Source: 谢光辉《汉语字源字典》, 北京大学出版社, 2000年, 29页
Translation of the embedded text: "文" is a pictographic character. "文" in oracle bone script (甲骨文) and bronze inscription script (金文) resembles a standing person facing forward. His chest bears tattoo of decorative patterns. This is in fact a vivid description of the ancient "文身" (tattoo) custom. Thus the original meaning of "文" was a person with tattoo on his body, as well as pattern, texture. Later, the meaning was extended to character, article, culture, civilization etc.

That was a typical entry of Chinese character etymology. For simple characters especially pictographic ones, it is simply pure 依类象形 or description of the object according to what it looks like. The focus is on the meaning, not the reading or sound. Some more complicated characters may be decomposed into elements each of which is analyzed the same way, as in the case of "秦" (see my last post).

Needless to say, the majority of the characters (at least 80%) are of the type 形声字 or characters of form and sound, such as "指" (finger; to point), where the form radical "扌" suggests the meaning, i.e. something related to hand, and the sound component "旨" suggests its reading , i.e. zhǐ. The classical Shuowen Jiezi (说文解字) dictionary, unsurprisingly, points out that this character "从手旨聲" (the meaning is based on "手" and the sound on "旨").

Similarities and differences between Chinese and Western etymology can also be revealed from the definition of the word etymology itself. The Webster dictionary defines it as "the history of a linguistic form (as a word) shown (1) by tracing its development since its earliest recorded occurrence in the language where it is found, (2) by tracing its transmission from one language to another, (3) by analyzing it into its component parts, (4) by identifying its cognates in other languages, or (5) by tracing it and its cognates to a common ancestral form in an ancestral language" (I added the parenthesized numbers). Thus we see that most western dictionaries with etymological information meet the requirements (1) and (2), sometimes (3). Wiktionary and Friedrich Kluge's An Etymological Dictionary of the German Language also meet (4) and (5) most of the time.
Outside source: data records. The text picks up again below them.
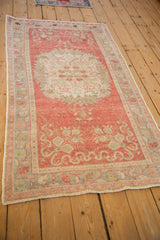 Perspective view of a distressed Turkish Oushak rug in soft blush pink, ivory, and silver tones.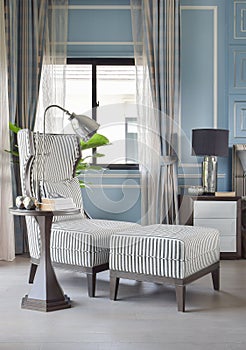 Striped high back armchair with ottoman in blue classic bedroom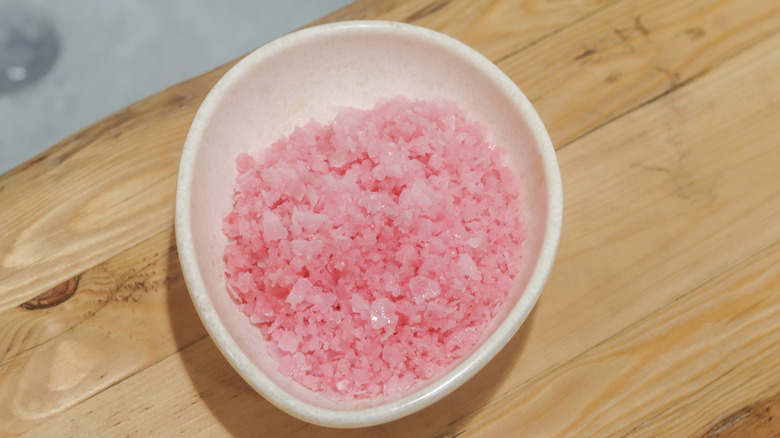 Pink Epsom salts sitting on a bathtub tray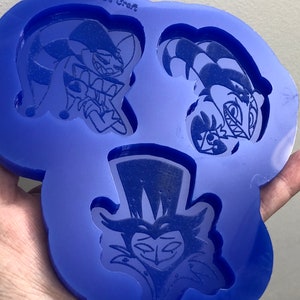May include: Blue silicone mold with three impressions of cartoon characters. The characters are a jester with a top hat, a jester with a crown, and a character with a top hat and a mustache. The mold is labeled "Brushie's Craft".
What if we apply these requirements to Chinese character etymology? (1) is often met if we interpret it as finding the first occurrence in history, which nowadays is made drastically easy with the aid of a computer-based search. But tracing its development in the course of long history, either inside Chinese or (2) across different languages, is rarely done. (3) is done, though with significant differences from that in western languages. (4) and (5) are rare because they're mostly irrelevant to Chinese characters.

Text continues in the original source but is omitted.